06/12/2017
Moyen-Orient : Trump de plus en plus inepte
Avec sa bourde sur Jérusalem, The Donald embarrasse le monde sunnite... dont il prétendait mobiliser une partie contre l'Iran :
Donald Trump avait promis de déclarer la vieille ville de Jérusalem "capitale d'Israël". Il va le faire ! Motif : la religious right US souhaite une conflagration au Moyen-Orient (elle croit que ça hâtera la fin des temps), et M. Trump a besoin des voix de la religious right. Par ailleurs M. Trump aime l'idée de conflagration, pour deux raisons : 1. il est belliciste, quoique s'étant fait réformer pour ne pas aller au Vietnam [*] ; 2. il est populiste, et les régimes populistes poussent le peuple vers la guerre pour le détourner des questions sociales. Enfin la droite US populaire (même non-religieuse) est pro-Netanyahou en vertu du bon vieil adage : "communists hate Israel - America hate communists".
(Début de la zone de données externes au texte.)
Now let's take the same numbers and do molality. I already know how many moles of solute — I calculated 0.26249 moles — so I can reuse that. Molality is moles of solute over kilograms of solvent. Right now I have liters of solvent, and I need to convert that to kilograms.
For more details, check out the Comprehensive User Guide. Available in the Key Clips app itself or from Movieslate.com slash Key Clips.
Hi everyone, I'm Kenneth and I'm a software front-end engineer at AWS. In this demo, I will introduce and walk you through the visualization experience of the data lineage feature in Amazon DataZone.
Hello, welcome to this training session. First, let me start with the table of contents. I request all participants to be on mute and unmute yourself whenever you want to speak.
Mais la décision trumpienne sur Jérusalem pousse la débilité jusqu'au monumental, dans la mesure où elle f... par terre la propre politique de M. Trump au Moyen-Orient.
Cette politique (d'ailleurs aberrante) consistait à provoquer un affrontement avec l'Iran chiite. Elle s'appuyait donc sur des régimes sunnites, Arabie saoudite en tête.
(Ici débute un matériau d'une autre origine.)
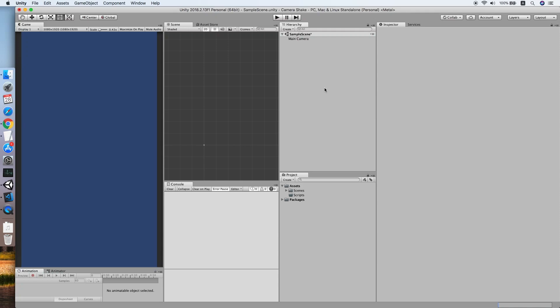Hello guys, today I'm going to show you how to implement a screen shake function in your Unity project.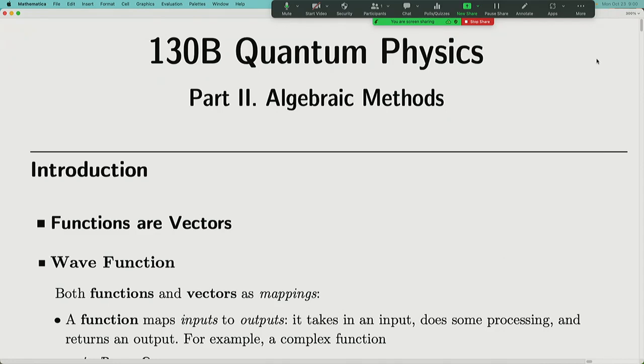Hello everyone. Welcome to 130b, quantum mechanics. Today we are going to continue our discussion of particles in continuous space.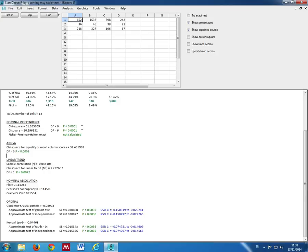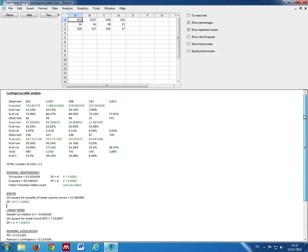If we scroll up, we can see this is our contingency table with our observed values and our expected values, as we'd calculated previously.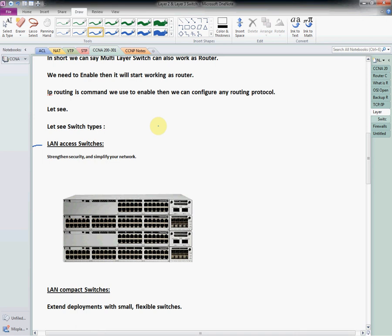Hello friends, welcome back to our CCNA 200-301 series. Today is day six. In our last video, day five, we already learned about switches. Today we are going to see different types of switches and then do a practical lab using a switch basic lab to understand the switch.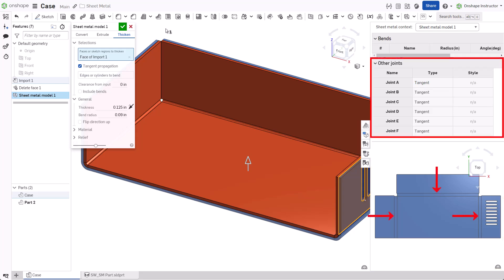Tangent edges appear on the flat pattern where each bend should appear, but the flat does not contain bend center lines.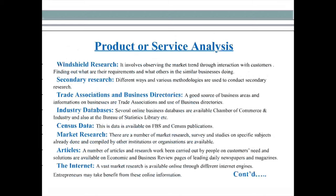Secondary research, as already discussed, uses various methodologies. Trade associations and business directories are a good source of information on businesses — they give a fair idea about people who are in that business and what products or services they are providing, and how they are dealing with customers.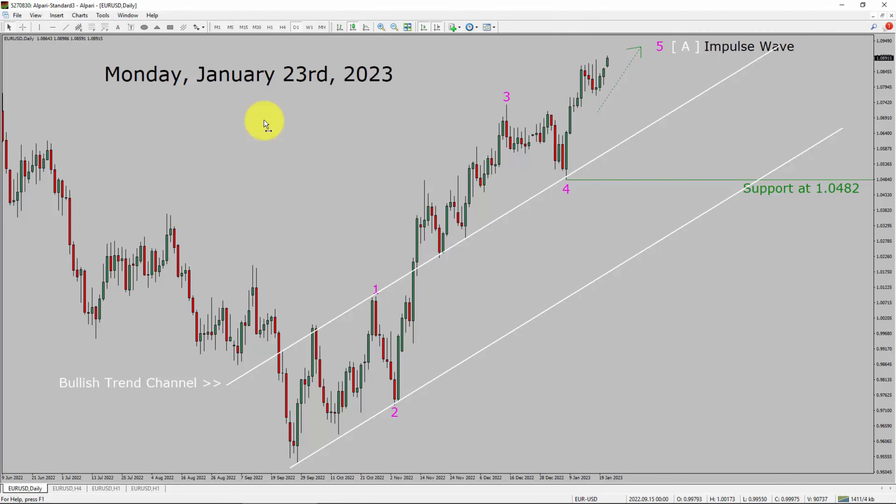Today is Monday, January 23rd, 2023. I am going to analyze the Euro-USD currency pair. Let us start the top to bottom Elliott Wave Analysis.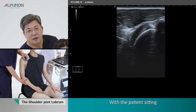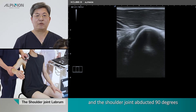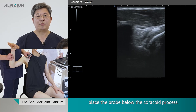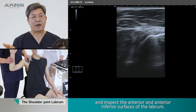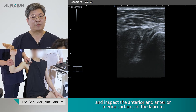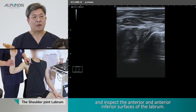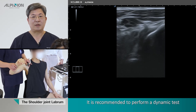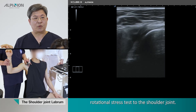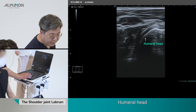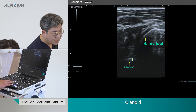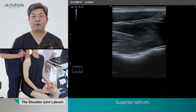Anterior labrum. With the patient seated and the shoulder joint abducted 90 degrees and externally rotated 90 degrees, place the probe below the coracoid process to inspect the inferior and anteroinferior surface of the labrum. It is recommended to perform a dynamic test by applying the anterior drawer test and rotational stress test to the shoulder joint.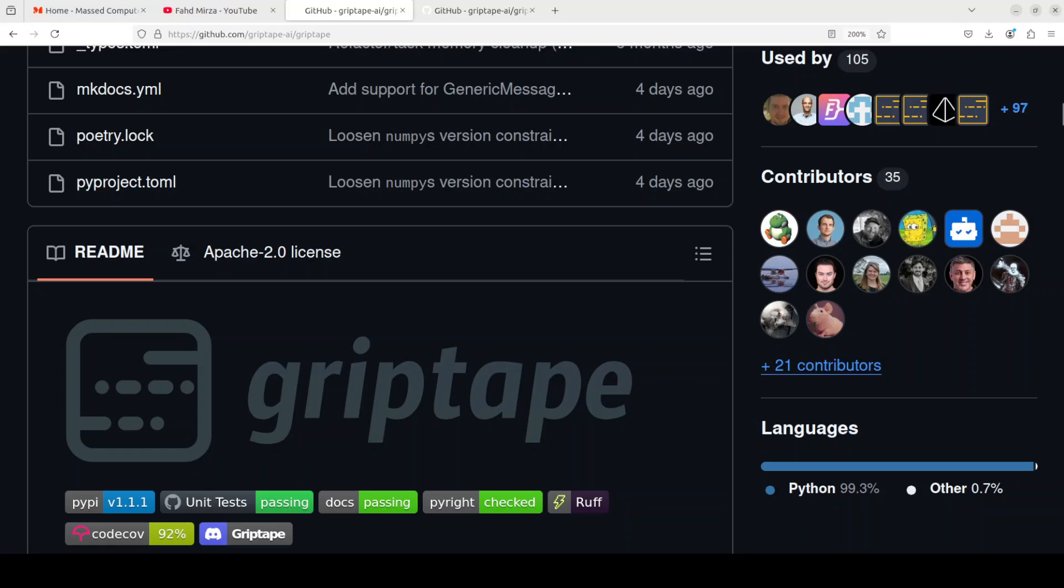Hi everyone, this is Fahad Mirza and I welcome you to the channel. In this video we are going to see how we can do retrieval augmented generation or RAG with Griptape.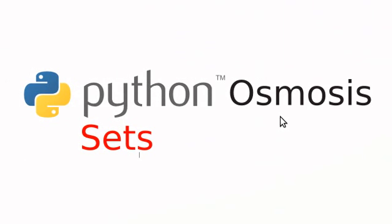That's all for now. This screencast is directly inspired by the official Python tutorial by Guido Van Rossum at Python.org.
Or M. Trump, en déclarant Jérusalem capitale d'Israël, commet un sacrilège aux yeux de l'ensemble du monde musulman ! Résultat : les régimes sunnites se lancent dans un concours à qui lèvera le plus haut l'étendard de la résistance à M. Trump, et se trouvent forcés de mettre en veilleuse leur rhétorique anti-iranienne.
Président en exercice de l'Organisation de la coopération islamique, M. Erdogan convoque le 13 décembre à Istanbul une réunion d'urgence de 57 Etats musulmans, et téléphone à la fois aux dirigeants iraniens et aux dirigeants saoudiens ("Jérusalem est notre cause commune !") ; il téléphone aussi aux dirigeants malais, tunisiens, qatari, pakistanais, indonésiens...
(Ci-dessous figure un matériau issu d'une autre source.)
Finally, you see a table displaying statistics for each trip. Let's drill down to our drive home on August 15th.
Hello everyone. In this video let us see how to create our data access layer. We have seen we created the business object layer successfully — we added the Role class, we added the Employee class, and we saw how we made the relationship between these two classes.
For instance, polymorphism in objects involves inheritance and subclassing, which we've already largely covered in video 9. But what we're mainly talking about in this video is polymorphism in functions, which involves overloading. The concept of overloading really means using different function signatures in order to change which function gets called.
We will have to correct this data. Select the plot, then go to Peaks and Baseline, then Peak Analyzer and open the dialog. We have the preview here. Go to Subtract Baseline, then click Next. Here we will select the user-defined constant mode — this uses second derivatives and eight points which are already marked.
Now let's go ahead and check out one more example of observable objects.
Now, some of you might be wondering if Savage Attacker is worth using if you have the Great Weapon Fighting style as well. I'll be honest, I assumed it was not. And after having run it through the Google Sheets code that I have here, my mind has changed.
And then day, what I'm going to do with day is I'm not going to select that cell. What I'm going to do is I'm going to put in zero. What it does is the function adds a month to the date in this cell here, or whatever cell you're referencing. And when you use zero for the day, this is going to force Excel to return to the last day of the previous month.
Le roi de Jordanie, pilier de l'alliance occidentale, met en garde Washington contre "les conséquences graves et le risque d'escalade" de l'affaire de Jérusalem ; appuyé par le roi du Maroc (président du comité panarabe pour Jérusalem), il demande une réunion d'urgence des 22 ministres des Affaires étrangères de la Ligue arabe.
Le roi d'Arabie saoudite, pétrifié par la bêtise de son allié américain, qualifie sa décision de "danger qui provoquera la colère des musulmans".
Quant à l'Iran, il saisit l'occasion de dissiper le climat de guerre virtuelle sunnites-chiites qu'avait fabriqué l'Arabe saoudite. Le président Hassan Rohani déclare que Téhéran "ne tolérera pas une violation des lieux saints musulmans", et appelle les musulmans du monde à "être unis face à ce grand complot".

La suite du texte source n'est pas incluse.